• _Exercise brief_
Without any pictures, retype exactly the lines that begin at the one holding "Cortasetos Inalámbrico 19″" and end at the last line of the data below.
[Listed records — start]
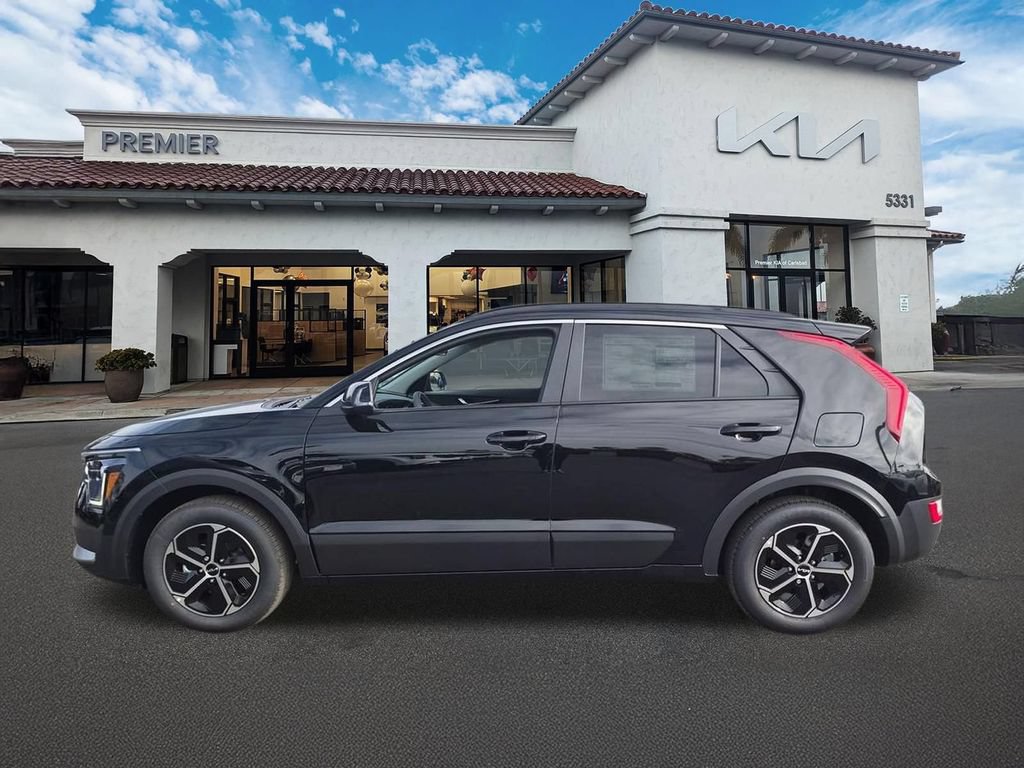 New 2026 Kia Niro EX w/ EX Premium Package FWD image 5
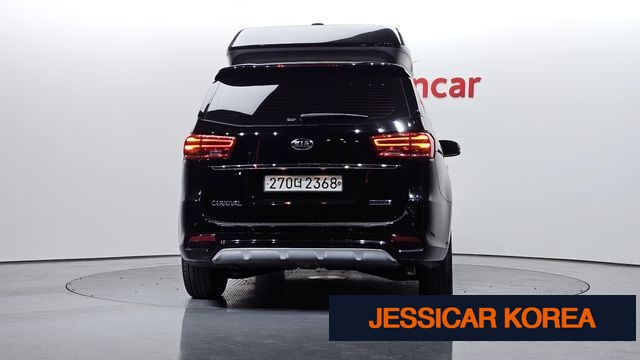 2020 Kia The New Carnival - Thumbnail 7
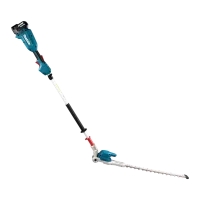 Cortasetos Inalámbrico 19″ 18v Brushless Makita DUN500WZ
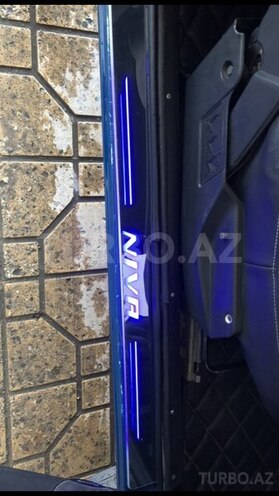 LADA (VAZ) Niva 2014, 48,000 km - 1.7 л - Bakı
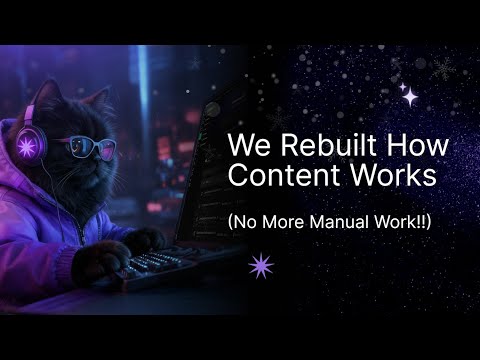 This Is Agentic Content Execution! (Content Genius Brain, Knowledge Networks & Agentic Experience)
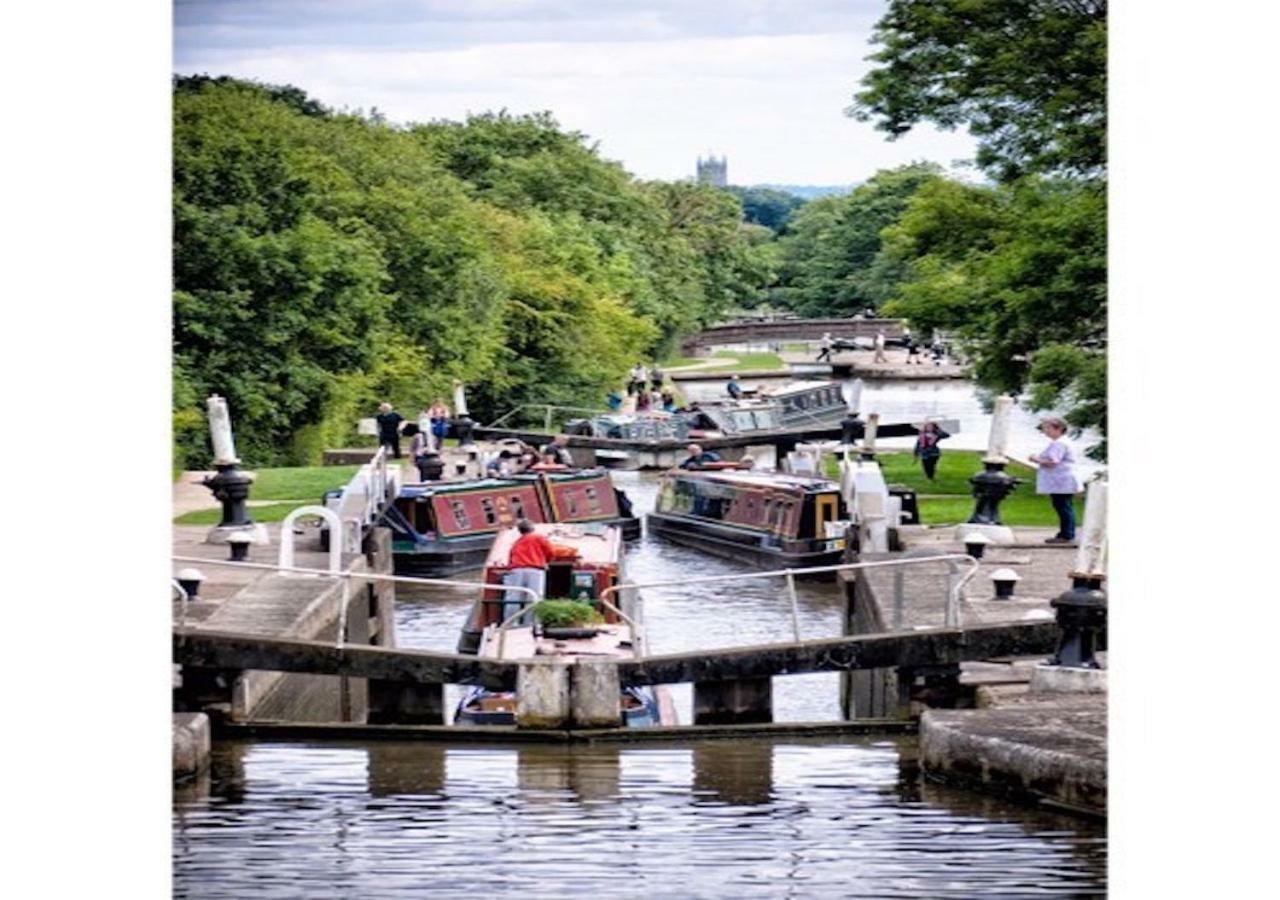 Fergies Canal Side Cottage Warwick  Dış mekan fotoğraf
[Listed records — finish]
• _Answer to the exercise_
 Cortasetos Inalámbrico 19″ 18v Brushless Makita DUN500WZ
 LADA (VAZ) Niva 2014, 48,000 km - 1.7 л - Bakı
 This Is Agentic Content Execution! (Content Genius Brain, Knowledge Networks & Agentic Experience)
 Fergies Canal Side Cottage Warwick  Dış mekan fotoğraf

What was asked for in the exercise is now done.